A partir de 2005, cette latitude fut encore élargie : l'ABC
fut autorisée à établir des contacts avec les lignages monastiques de Taiwan, ainsi qu'avec les organisations bouddhistes
internationales.
*
On ne peut échapper au sentiment que
notre espèce se trouve à une croisée des chemins, non seulement du
point de vue économique mais aussi de celui des "mythes
eschatologiques" qui furent ses moteurs au cours des deux
derniers millénaires. L'énergie libérée par le monothéisme à
partir de la christianisation de l'Empire romain et du surgissement
de l'islam au Moyen-Orient - énergie qui fut un facteur majeur dans
l'intégration progressive des différentes régions du monde,
processus bien plus ancien que ce qu'on appelle de nos jours
"mondialisation" ou "globalisation" qui n'en sont
que la précipitation contemporaine - ne va-elle pas affronter, parallèlement à l'économie, un reflux qui pourrait redéfinir le statut des
religions et groupes identitaires qui s'en réclament. Autrement dit,
le "centre" se déplaçant vers deux régions globales où
règne encore, depuis "la nuit des temps", une myriade
d'entités animistes, ainsi que le pluralisme des sectes et religions
polythéistes et agnostiques (hindouisme, confucianisme, bouddhisme)
mais aussi la multitude des identités et pratiques animistes, dont
la mieux articulée reste sans doute le taoïsme - qui connaît une
remarquable renaissance en Chine et en Asie de l'Est - . qu'elles
soient endogamiques comme en Inde, ou étrangères à toute
endogamie, comme en Chine. Dans un monde redevenu multipolaire, où l'Occident doit déjà accepter de devenir un des acteurs parmi
d'autres d'une modernité re-définie, les religions monothéistes ne
vont-elles devoir accepter d'être des religions – des sectes ? -
comme les autres, parmi les autres.
Une telle évolution contredirait
évidemment les projections du Pew Research Center supposant
que si les 52 % de Chinois "sans religion" se
convertissaient à l'une ou l'autre forme de christianisme – ce qui
peut sembler un autre exemple de ce "wishful thinking " (qui nous fait prendre nos désirs pour des réalités, voire des "vessies pour des lanternes") souvent caractéristique de la pensée politique américaine – cela
porterait à "734 millions le nombre de chrétiens en Chine d'ici
2050":
And if everyone who is currently unaffiliated in China were to convert to Christianity by 2050, China’s population would be 56.2% Christian (734 million Christians), raising the Christian share of the world’s population to 38.5% and lowering the unaffiliated share of the global population to 6.1%. Though that scenario may be unlikely, it offers a rough sense of how much difference religious switching in China maximally could have by 2050. Extremely rapid growth of Christianity in China could maintain or, conceivably, even increase Christianity’s current numerical advantage as the world’s largest religion, and it could significantly accelerate the projected decline by 2050 in the share of the global population that is religiously unaffiliated4.

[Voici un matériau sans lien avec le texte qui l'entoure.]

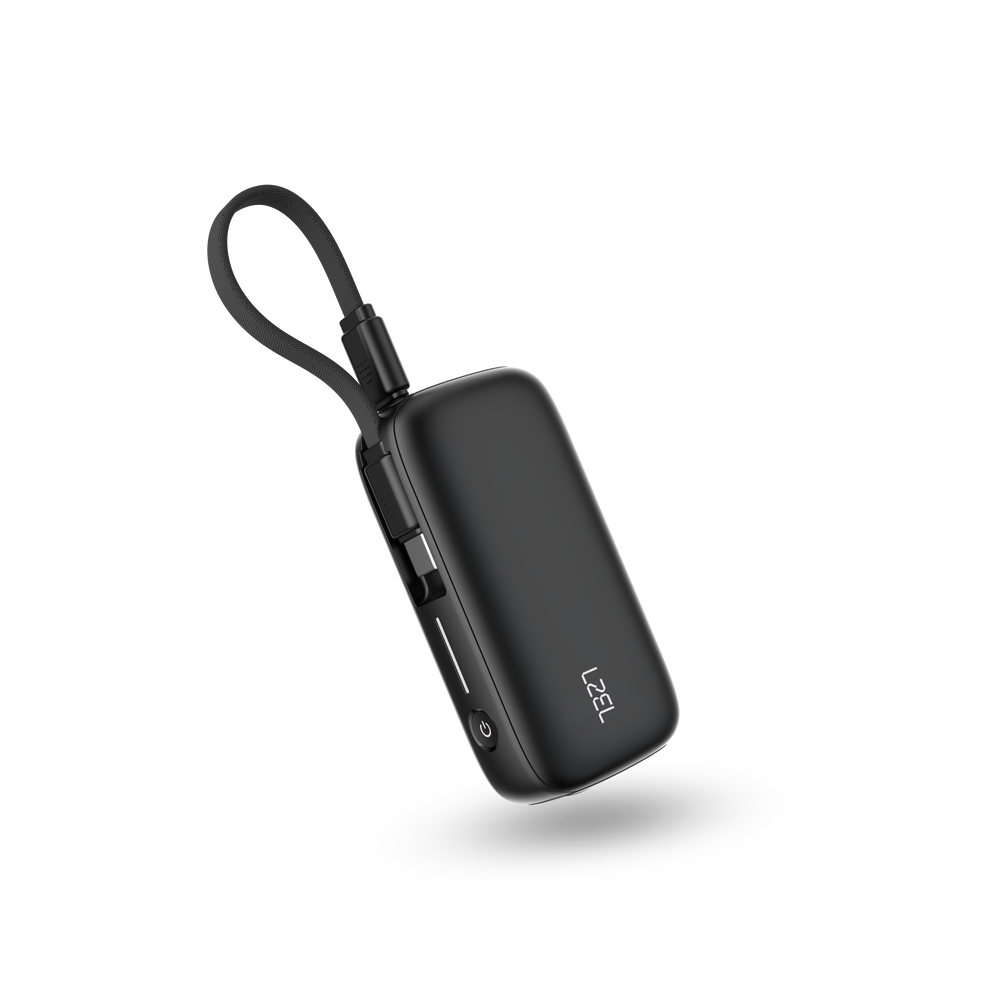 LZEL PrimeBrio Neo 5K Mini Power Bank 22.5W, Detachable Type-C Cable | Black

1 http://www.lefigaro.fr/conjoncture/2014/12/08/20002-20141208ARTFIG00199-la-chine-devient-la-premiere-puissance-economique-mondiale.php?a1=DOL-157729&a3=77-3486617&a4=DOL-157729-77-3486617
2 The
Future of World Religions, Pew Research Center, April 2, 2015.
3 Buddhist
Association of China : BAC
4 The
Future of World Religions: Population Growth Projections,
2010-2050, Pew Research Center, April 2, 2015, pp. 55-57.